# Anyone want some betta vectors?



## Glass Fish (Feb 16, 2014)

I've literally just learnt how to vector and am dying to practice my new skills. So if anyone wants their betta done, send me a photo! It has to be a clear picture though and it may take a few days but I will definitely do it!


----------



## KFoster (Mar 26, 2014)

Yes please!!! 

Here's Apollo:


----------



## Glass Fish (Feb 16, 2014)

Apollo is so gorgeous! Okay, I'm on it


----------



## cowboy (Apr 14, 2013)

I would love one of my one and only female tennessssy


----------



## cowboy (Apr 14, 2013)

Oops. Tennesassy.


----------



## magikb3anz (Oct 6, 2013)

Can I have one of Ash?
http://www.bettafish.com/attachment.php?attachmentid=309825&stc=1&d=1394147380


----------



## Glass Fish (Feb 16, 2014)

Of course to everyone, i'm happy to do your fish


----------



## PonyJumper101 (Mar 23, 2010)

Ouuu could I have one of my Mr.Fishy?


----------



## Glass Fish (Feb 16, 2014)

*Apollo's Vector*

Wow! Okay! So I've finally finished Apollo!!
Sorry it took so long! Apollo's tail was quite a challenge and I fear he may look a little like a disco ball but other than that, I think he went well. 
Tennesassy is next


----------



## cowboy (Apr 14, 2013)

Take your time and thanks


----------



## KFoster (Mar 26, 2014)

Glass Fish said:


> Wow! Okay! So I've finally finished Apollo!!
> Sorry it took so long! Apollo's tail was quite a challenge and I fear he may look a little like a disco ball but other than that, I think he went well.
> Tennesassy is next


It looks amazing! Thank you!!


----------



## Glass Fish (Feb 16, 2014)

Im still working on Tenesassy, it's taking so long because i lost my flash drive and the hardware my lapt broke. But it will be done next week


----------



## cowboy (Apr 14, 2013)

Glass Fish said:


> Im still working on Tenesassy, it's taking so long because i lost my flash drive and the hardware my lapt broke. But it will be done next week


Don't worry about me, you take your time. Good things are worth waiting for.


----------



## Glass Fish (Feb 16, 2014)

Okay!! Tennesassy is finished! I actually finished it last week but hardware problems stopped me from posting it. 
Tenesassy's picture was a little bit unclear so I may not have gotten some details perfectly but I hope you still like it.


----------



## Glass Fish (Feb 16, 2014)

Ash next


----------



## BerryBlue256 (Apr 25, 2014)

Leo please! When you get a chance.


----------



## Glass Fish (Feb 16, 2014)

Wow! Leo is pretty!


----------



## cowboy (Apr 14, 2013)

Glass Fish said:


> Okay!! Tennesassy is finished! I actually finished it last week but hardware problems stopped me from posting it.
> Tenesassy's picture was a little bit unclear so I may not have gotten some details perfectly but I hope you still like it.

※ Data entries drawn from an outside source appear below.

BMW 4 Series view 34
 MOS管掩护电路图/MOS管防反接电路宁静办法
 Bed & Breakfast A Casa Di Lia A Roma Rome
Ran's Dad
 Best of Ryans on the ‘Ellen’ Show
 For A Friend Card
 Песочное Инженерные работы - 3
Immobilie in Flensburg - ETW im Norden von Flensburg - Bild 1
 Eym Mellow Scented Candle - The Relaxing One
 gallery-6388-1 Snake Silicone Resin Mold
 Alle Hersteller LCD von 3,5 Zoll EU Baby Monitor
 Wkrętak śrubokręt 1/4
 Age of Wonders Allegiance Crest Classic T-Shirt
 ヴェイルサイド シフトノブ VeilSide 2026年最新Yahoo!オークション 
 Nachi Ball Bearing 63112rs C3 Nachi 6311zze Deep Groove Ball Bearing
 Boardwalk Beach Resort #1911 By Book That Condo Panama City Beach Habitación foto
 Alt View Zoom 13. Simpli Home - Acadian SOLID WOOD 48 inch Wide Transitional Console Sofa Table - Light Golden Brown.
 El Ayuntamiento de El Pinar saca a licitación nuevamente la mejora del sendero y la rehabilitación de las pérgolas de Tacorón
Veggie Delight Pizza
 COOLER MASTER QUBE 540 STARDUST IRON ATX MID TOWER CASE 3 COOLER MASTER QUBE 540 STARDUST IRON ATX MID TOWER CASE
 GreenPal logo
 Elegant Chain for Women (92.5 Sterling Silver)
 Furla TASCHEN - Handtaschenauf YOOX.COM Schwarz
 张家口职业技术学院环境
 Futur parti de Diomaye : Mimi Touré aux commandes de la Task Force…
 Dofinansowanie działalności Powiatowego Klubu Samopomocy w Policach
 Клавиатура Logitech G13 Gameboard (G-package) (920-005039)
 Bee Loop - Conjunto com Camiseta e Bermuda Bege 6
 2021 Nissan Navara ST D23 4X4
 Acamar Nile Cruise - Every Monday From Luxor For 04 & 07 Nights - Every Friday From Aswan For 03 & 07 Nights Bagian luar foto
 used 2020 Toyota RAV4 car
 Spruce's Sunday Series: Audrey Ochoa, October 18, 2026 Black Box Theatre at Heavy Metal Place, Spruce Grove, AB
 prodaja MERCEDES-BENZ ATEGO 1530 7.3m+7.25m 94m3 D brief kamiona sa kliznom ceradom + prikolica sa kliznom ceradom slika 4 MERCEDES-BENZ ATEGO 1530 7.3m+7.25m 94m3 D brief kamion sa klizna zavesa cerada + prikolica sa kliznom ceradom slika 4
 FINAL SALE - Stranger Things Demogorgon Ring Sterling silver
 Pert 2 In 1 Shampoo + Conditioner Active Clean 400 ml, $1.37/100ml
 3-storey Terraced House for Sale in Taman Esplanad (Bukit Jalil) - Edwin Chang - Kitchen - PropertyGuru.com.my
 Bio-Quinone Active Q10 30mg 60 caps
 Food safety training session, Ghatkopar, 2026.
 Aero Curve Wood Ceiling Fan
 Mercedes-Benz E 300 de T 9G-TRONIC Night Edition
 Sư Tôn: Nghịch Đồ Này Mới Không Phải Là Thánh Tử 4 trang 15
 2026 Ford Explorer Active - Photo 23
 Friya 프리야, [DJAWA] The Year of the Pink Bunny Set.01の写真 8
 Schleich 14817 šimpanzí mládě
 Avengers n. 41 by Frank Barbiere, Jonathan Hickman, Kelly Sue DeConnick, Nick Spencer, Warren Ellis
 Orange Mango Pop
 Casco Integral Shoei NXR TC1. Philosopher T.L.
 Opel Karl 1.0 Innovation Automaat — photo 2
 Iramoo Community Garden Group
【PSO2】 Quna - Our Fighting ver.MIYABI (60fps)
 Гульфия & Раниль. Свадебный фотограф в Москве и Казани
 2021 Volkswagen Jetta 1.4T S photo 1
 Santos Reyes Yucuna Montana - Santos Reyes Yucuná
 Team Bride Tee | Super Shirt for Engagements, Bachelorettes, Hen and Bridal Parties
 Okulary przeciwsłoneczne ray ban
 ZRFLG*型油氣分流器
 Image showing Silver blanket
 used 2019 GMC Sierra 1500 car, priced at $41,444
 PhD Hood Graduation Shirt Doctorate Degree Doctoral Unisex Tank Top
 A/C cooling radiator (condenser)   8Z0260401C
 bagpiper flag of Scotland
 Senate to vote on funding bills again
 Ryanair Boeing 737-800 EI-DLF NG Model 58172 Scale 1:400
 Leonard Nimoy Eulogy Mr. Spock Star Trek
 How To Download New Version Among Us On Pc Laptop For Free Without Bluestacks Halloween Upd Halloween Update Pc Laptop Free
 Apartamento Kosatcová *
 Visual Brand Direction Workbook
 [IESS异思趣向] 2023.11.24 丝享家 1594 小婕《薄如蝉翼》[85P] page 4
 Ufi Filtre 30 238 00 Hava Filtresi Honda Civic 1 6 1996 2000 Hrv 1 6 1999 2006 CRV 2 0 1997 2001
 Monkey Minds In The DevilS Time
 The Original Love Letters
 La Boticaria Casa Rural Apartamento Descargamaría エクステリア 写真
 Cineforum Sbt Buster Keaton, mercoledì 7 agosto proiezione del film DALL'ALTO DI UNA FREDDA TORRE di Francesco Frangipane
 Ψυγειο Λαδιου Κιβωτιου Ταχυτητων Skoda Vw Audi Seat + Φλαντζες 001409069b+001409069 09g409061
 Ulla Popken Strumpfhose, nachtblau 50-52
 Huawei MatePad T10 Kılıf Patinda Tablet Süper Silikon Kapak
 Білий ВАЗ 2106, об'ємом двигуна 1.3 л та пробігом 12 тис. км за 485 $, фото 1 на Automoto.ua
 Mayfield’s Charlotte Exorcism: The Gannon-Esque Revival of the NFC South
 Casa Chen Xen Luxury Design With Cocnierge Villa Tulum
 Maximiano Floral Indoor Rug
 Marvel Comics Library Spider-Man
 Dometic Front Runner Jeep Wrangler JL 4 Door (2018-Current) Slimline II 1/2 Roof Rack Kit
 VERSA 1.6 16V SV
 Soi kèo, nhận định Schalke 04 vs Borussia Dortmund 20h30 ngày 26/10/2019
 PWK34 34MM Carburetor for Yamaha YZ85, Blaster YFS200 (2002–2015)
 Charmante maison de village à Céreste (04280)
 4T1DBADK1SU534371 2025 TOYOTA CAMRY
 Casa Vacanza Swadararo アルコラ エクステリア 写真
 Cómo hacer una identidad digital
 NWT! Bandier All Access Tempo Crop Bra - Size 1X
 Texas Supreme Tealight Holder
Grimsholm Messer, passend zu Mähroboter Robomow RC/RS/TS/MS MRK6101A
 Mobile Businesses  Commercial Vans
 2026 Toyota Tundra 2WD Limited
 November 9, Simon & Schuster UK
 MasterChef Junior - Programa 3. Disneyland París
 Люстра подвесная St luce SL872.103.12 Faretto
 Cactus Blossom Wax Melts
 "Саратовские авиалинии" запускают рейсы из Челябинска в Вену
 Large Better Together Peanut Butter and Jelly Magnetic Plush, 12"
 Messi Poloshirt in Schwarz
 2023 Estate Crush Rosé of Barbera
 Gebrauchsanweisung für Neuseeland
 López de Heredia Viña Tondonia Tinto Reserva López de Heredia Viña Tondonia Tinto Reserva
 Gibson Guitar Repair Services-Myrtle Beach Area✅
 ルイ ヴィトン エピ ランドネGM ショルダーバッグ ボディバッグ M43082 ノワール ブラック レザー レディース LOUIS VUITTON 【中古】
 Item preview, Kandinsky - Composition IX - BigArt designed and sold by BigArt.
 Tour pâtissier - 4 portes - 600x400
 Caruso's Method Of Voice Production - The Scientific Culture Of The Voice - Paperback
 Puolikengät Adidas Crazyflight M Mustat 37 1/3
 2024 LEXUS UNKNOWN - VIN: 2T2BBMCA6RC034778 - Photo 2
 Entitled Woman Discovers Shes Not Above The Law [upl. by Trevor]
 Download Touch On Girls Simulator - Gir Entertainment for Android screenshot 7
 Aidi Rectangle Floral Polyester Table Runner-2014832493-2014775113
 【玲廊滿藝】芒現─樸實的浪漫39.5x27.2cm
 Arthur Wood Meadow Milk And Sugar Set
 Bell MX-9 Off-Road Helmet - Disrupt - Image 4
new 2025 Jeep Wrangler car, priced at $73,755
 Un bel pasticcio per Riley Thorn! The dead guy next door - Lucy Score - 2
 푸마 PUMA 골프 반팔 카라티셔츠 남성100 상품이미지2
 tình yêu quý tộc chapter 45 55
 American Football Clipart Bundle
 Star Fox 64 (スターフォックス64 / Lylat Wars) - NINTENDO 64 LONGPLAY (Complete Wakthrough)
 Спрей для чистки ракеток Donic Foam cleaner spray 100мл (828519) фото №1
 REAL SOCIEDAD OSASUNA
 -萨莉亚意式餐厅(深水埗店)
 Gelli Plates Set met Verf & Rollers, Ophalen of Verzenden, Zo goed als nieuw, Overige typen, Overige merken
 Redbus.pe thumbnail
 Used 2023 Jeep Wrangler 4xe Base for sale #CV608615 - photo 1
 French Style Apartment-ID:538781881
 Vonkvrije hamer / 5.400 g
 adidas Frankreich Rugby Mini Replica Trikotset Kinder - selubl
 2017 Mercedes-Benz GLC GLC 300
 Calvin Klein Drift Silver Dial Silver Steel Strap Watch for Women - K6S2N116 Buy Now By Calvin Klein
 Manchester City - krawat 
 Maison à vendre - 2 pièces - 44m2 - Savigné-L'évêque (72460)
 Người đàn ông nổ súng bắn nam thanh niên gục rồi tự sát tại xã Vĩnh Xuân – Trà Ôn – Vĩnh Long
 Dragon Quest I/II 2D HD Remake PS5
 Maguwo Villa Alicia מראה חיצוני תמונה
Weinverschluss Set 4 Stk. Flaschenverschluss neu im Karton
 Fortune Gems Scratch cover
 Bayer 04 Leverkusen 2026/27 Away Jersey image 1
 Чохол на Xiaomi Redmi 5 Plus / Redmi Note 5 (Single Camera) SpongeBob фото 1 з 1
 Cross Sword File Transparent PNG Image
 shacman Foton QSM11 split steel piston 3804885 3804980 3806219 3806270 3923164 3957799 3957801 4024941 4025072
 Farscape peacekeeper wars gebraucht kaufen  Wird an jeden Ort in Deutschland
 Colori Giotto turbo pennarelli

Perfection! Thank you so much. Glad your computer is up and running


----------



## Rosebud975 (Mar 26, 2014)

Wow! Can you do Bob? ( the betta as my avatar) sorry if the pictures not clear lol it was taken ages ago and he's a pain to photograph, I've got more pics on my album in my profile if u need them, ( my computer wont let me upload pics today. Lol)  sorry for any inconvenience!


----------



## Glass Fish (Feb 16, 2014)

Yes yes of course Rosebud, i will do it for everyone who asks. Im taking a break next week because i have visa issues but i will start again soon


----------



## Rosebud975 (Mar 26, 2014)

Thank you :-D


----------



## 12tallyho12 (Jul 14, 2014)

These are so cool ^-^ When I get my Betta I may bug you to make me one of these.


----------



## BlueInkFish (Jan 13, 2013)

Ooooooh, ahhhhh... When you get the chance I'll have to find you and give you a pic of my little fishes for you!


----------



## Tuigirl (Aug 3, 2014)

Your drawings are beautiful!
Are you still doing them?
Would you mind doing one of Lulu?


----------



## BettaStarter24 (Mar 24, 2014)

those are amazing...would you mind doing one of Oliver?


----------



## BettaLittleGirl (Jun 22, 2014)

Do Polaris please! Your drawings are awesome! I just had to save Apollo's drawing..xP


----------



## Flint (Oct 22, 2013)

Where did you learn to vector if you don't mind my asking?


----------



## Kyte (Jan 7, 2014)

Wow these vectors are awesome. If you are still offering these Id love one of my boy Gulliver!


----------



## chok23 (Aug 13, 2014)

Please do one for Quarter.


----------